Some ad-hoc hypotheses for what might be going on:

  • An underlying thing is probably that the model is representing several correlated features - is_woman, is_wearing_a_dress, has_long_hair, etc. Even if you can properly isolate the is_woman direction, just deleting this may not matter that much, esp if the answer is obvious?
    • I'm not sure which method this will harm more though, since presumably they'll pick up on a direction that's the average of all features weighted by their correlation with is_woman, ish.
  • IMO, a better metric here is the difference in the she vs he logits, rather than just the accuracy - that may be a better way of picking up on whether you've found a meaningful direction?
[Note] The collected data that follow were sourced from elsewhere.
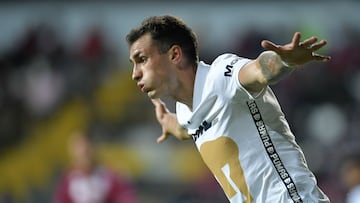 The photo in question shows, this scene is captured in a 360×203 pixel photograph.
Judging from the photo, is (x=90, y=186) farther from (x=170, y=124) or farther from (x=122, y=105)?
(x=122, y=105)

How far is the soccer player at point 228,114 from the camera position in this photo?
448cm

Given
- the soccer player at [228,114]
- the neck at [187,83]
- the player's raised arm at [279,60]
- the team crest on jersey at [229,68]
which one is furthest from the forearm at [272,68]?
the neck at [187,83]

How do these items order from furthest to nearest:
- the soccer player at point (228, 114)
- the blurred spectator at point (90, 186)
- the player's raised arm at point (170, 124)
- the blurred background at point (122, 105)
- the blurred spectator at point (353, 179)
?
1. the blurred background at point (122, 105)
2. the blurred spectator at point (90, 186)
3. the blurred spectator at point (353, 179)
4. the player's raised arm at point (170, 124)
5. the soccer player at point (228, 114)

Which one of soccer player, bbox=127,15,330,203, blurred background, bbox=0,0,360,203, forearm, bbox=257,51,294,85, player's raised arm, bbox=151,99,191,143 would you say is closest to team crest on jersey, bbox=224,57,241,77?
soccer player, bbox=127,15,330,203

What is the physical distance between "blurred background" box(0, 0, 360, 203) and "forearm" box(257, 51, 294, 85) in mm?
5774

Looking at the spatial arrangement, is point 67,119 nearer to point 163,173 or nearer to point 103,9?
point 163,173

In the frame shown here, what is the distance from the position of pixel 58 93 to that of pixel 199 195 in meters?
3.32

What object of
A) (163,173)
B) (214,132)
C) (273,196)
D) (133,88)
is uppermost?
(214,132)

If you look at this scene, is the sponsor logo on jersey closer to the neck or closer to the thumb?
the neck

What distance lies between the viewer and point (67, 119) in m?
12.8

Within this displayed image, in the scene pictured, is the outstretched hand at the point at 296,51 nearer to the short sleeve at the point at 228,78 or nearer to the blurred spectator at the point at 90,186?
the short sleeve at the point at 228,78

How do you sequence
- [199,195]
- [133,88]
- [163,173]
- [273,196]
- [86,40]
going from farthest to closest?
[86,40] < [133,88] < [163,173] < [199,195] < [273,196]

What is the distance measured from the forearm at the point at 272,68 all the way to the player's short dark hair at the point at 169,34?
62 centimetres

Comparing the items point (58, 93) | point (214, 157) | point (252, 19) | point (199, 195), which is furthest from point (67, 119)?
point (214, 157) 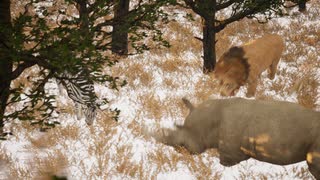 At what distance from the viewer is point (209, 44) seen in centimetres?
842

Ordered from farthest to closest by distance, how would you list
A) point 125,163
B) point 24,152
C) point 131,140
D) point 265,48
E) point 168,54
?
point 168,54, point 265,48, point 131,140, point 24,152, point 125,163

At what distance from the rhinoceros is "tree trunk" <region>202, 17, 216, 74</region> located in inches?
166

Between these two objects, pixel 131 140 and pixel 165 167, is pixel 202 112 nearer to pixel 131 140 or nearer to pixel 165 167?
pixel 165 167

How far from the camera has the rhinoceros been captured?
3.45 m

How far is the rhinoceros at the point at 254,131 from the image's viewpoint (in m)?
3.45

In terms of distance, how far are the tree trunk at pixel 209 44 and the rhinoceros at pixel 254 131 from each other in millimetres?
4229

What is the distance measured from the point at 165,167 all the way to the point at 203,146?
68 cm

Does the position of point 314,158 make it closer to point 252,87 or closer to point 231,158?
point 231,158

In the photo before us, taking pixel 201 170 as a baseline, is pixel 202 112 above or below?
above

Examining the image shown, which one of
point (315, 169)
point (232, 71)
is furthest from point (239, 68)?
point (315, 169)

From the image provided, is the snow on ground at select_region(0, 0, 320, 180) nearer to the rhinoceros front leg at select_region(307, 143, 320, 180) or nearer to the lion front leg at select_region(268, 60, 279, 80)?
the lion front leg at select_region(268, 60, 279, 80)

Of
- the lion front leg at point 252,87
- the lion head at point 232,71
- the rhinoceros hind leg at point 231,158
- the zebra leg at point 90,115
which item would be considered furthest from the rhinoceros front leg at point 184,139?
the lion front leg at point 252,87

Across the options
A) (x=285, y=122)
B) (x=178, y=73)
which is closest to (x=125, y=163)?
(x=285, y=122)

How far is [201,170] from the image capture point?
4.34 metres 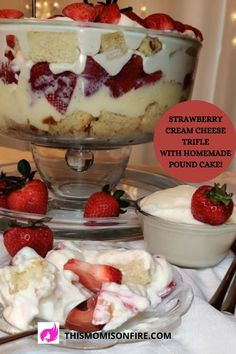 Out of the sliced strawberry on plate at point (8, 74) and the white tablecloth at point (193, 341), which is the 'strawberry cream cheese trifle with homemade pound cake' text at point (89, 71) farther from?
the white tablecloth at point (193, 341)

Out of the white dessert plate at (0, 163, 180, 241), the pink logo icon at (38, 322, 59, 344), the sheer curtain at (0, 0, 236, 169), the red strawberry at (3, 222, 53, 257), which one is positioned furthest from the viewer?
the sheer curtain at (0, 0, 236, 169)

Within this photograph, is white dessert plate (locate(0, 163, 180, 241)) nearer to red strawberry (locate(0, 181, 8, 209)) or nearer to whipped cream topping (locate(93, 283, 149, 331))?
red strawberry (locate(0, 181, 8, 209))

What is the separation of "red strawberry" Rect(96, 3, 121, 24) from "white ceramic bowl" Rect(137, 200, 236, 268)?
0.97 ft

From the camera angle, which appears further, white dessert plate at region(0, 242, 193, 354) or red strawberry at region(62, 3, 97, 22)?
red strawberry at region(62, 3, 97, 22)

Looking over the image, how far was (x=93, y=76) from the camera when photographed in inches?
28.9

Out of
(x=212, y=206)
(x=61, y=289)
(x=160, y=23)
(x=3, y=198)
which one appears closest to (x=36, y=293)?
(x=61, y=289)

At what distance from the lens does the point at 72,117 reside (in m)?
0.76

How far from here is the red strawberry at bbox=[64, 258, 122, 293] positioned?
0.47 metres

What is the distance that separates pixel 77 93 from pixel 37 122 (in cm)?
8

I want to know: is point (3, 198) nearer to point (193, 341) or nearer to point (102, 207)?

  • GPT-2 is trained with dropout on the residual stream, which may fuck with things? It's presumably learned at least some redundancy to cope with ablations.
    • To test this, try replicating on GPT-Neo 125M? That doesn't have dropout.
  • Gender is probably just a pretty obvious thing, that's fairly overdetermined, and breaking an overdetermined thing by removing a particular concept is hard.
  • I have a fuzzy intuition that it's easier to break models than to insert/edit a concept? I'd weakly predict that your second method will damage model performance in general more, even on non-gender-y tasks. Maybe it's learned to shove the model off distribution in a certain way, or exploits some feature of how the model is doing superposition where it adds in two features the model doesn't expect to see at the same time, which fucks with things? Idk, these are all random ad-hoc guesses.
    • Another way of phrasing this - I'd weakly predict that for any set of, say, 10 prompts, even with no real connection, you could learn a direction that fucks with all of them, just because it's not that hard to break a model with access to its internal activations (if this is false, I'd love to know!). Clearly, that direction isn't going to have any conceptual meaning!
  • One concrete experiment to test the above - what happens if you reverse the direction, rather than removing it? (Ie, take v - 2(v . gender_dir) gender_dir, not v - (v . gender_dir) gender_dir). If RLACE can significantly reverse accuracy to favour she over he incorrectly, that feels interesting to me!